Fast forward to April 12, when a column appeared in The Outlook, a small newspaper on Vancouver's North Shore under the headline "Welcome to Izzy's World". The piece showed that the Aspers had fired the publisher of the North Shore News, Mr. Peter Speck, plus Executive Editor Timothy Renshaw. It was also stated that when those firings took place, three weeks previously, a notice had been posted in the newsroom to the effect that my name - known to everyone as a former columnist of the News - should never appear in the paper's pages again. Not even in a letter to the editor. The fiction before that had been that Mr. Speck had "retired". Which he had, in the same sense as saying that a man who has been killed has "died". He had been told by the Asper messenger that his 32-year role as publisher and previous owner of the News was over and that he was to leave immediately. Mr. Renshaw, meanwhile, was given some nonsense about the paper having to reduce costs. It was clear from the Outlook piece that Messrs Speck and Renshaw were paying the price for having supported me through thick and thin against "human rights" complaints made against me by the Canadian Jewish Congress and B'Nai Brith. I was of that opinion the moment they left, although no-one in the Asper Shadowland is going to admit to such a thing. But what else could it be? Under Mr. Speck the North Shore News won dozens of awards and was the most financially successful community newspaper in the country. In 1999 it won the Canadian Community Newspapers Association award as "the best all- round community newspaper in Canada". Two years before that it was designated in the U.S. as being one of the top three in North America. Mr. Renshaw, for two years running, won the Association's award for outstanding column writing.

The Asper excesses in editorial control have not been confined to Vancouver's North Shore. A couple of weeks ago the Toronto Sun reported that CanWest had instructed all its newspapers to run an article by Liberal flack Warren Kinsella attacking the Canadian Alliance for going after Jean Chretien. "Must appear in all CanWest newspapers", was the order. There's more. According to Frank magazine, CanWest's editors have been told not to criticize the CRTC, Canada's radio and television supposed watchdog that hands out and can cancel broadcasting licences. Not surprising, seeing that the CRTC had approved CanWest's $800,000,000 bid to buy a string of TV stations from Vancouver's Western International Communications Ltd.

Mine is not the only monicker that is unpopular with Izzy and Co., and I'm in pretty good company.

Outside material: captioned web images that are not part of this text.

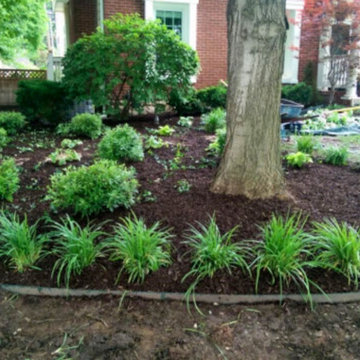 Our Work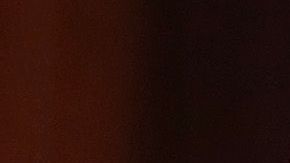 Los líderes demócratas en el Congreso en alerta por intervención extranjera en las elecciones.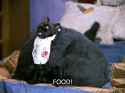 Paunchy Cat.jpg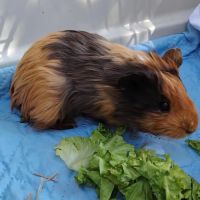 Cochon d'inde, femelle, env. 3 semaines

Big-time newspaper writers Richard Gwyn and Gwynne Dyer are also reported to be on Izzy's shit-list. Why? Perhaps they haven't been one hundred per cent in favor of Israel. For the same reason, Jewish pressure got The Vancouver Courier to drop the great Greg Felton, although the Aspers didn't own the paper at that time.

Quite apart from Jewish control and its editorial biases, we have here monopoly control of a vast section of the media that in former days would have been the subject of severe inquiry. When the Vancouver Sun and Province joined together as Pacific Press in the late 1950s, for instance, the Monopolies Commission took years to approve the deal and then laid down certain conditions. When Hollinger/Southam bought the North Shore News the arrangement was again many years in the making. Now, all is silence, in Parliament and elsewhere. What are they afraid of? Getting on the wrong side of Izzy? One might have expected the remaining media to utter a groan or two, but silence has been the rule. Or happy consent. When the news of CanWest's takeover of Hollinger/Southam broke, Maclean's magazine had a virtual orgasm spread over six pages, complete with pictures of a grinning Izzy and son Leonard. Peter Newman, another member of that fraternity, also sang a song of praise. Would he have been so keen if the Gentiles had made such a grab? When it happened, Asper Jr. said that the deal would create "exciting changes in the media scene". True. Welcome to Izzy's world!